W tym nowym ustawieniu Górnika z trójką środkowych obrońców, zmieniła się też rola słoweńskiego piłkarza, który gra bardziej ofensywniej. Tak to przynajmniej wygląda z boku. – Jak dla mnie, to przyznam, że nie ma jakiejś dużej zmiany, może tylko taka, że wyżej atakujemy teraz przeciwnika. Nie gramy zresztą cały czas w ustawieniu 3-5-2, ale cały czas zmieniamy pozycje.
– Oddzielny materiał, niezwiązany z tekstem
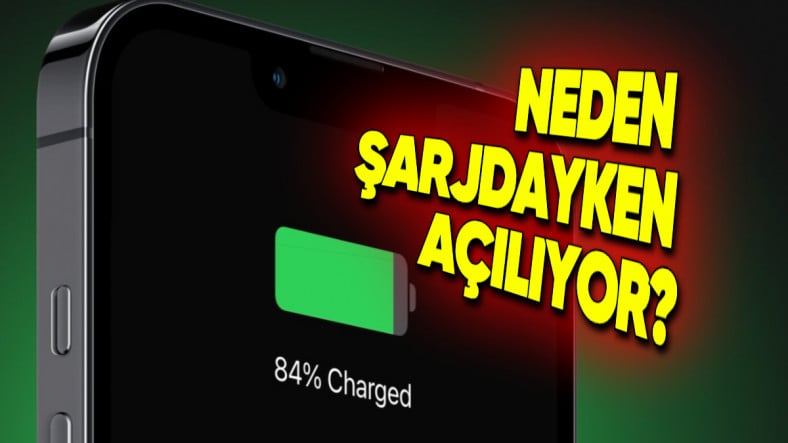 iPhone ve Android Telefonlarda Şarj Durumu ve Çalışma Prensipleri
Mnie taki styl odpowiada, robię swoje zarówno z przodu, jak i z tyłu – tłumaczy nam Janża, jeden z kluczowych zawodników w talii trenera Brosza.

To nie będzie spacerek

Wisła rozpoczęła sezon słabo. Nie słabną spekulacje co do zmiany na ławce trenerskiej. Mówi się, że Artura Skowronka może zastąpić doświadczony Jacek Zieliński, choć współwłaściciel Wisły Jarosław Królewski zaprzeczył temu. Słaba gra krakowian w bieżących rozgrywkach nie usypia jednak nikogo w obozie lidera ekstraklasy. W Zabrzu liczą się z tym, że mecz z „Białą gwiazdą” będzie tym z kategorii trudnych.

– Nastawiamy się na ciężkie spotkanie. Nie najlepiej zaczęli rozgrywki, więc tym bardziej mają motywację do tego, żeby przywieźć z Zabrza punkty. My gramy jednak u siebie, na stadionie będzie 12 tysięcy kibiców więc chcemy wygrać kolejne spotkanie. Łatwo nie będzie, bo choć Wisła źle zaczęła, to są tam dobrzy zawodnicy i to dalej groźna drużyna – zaznacza Janża.


Rekord frekwencji

Spośród 32 ekstraklasowych meczów w sezonie 2020/21, na czterech było ponad 10 tysięcy kibiców. Meczem numer 1 jeśli chodzi o widownię były ostatnie derby Poznania, które w ostatnią niedzielę przy Bułgarskiej obejrzało 17,5 tys. kibiców. Numer 2 i 3 w tym względzie, to ostatnie arcyciekawe starcie Legia – Górnik, na którym przy Łazienkowskiej tydzień temu było 11,5 tys. kibiców i wcześniejsze spotkanie Śląska z Lechem, z taka samą liczbą fanów. 10270 kibiców zobaczyło z kolei starcie Górnika z Lechią 13 września.

Na dzisiejszym meczu z Wisłą Kraków na Stadionie im. Ernesta Pohla będzie 12 tys. osób, bo tyle – po zgodzie władz Ekstraklasa SA – mogą wpuścić zabrzanie. Do wczoraj do popołudniowych godzin zeszło już prawie 11,5 tys. wejściówek. Powinien więc być „limitowany komplet”.


Na zdjęciu: Słoweniec Erik Janża to jedna z kluczowych postaci w górniczej jedenastce.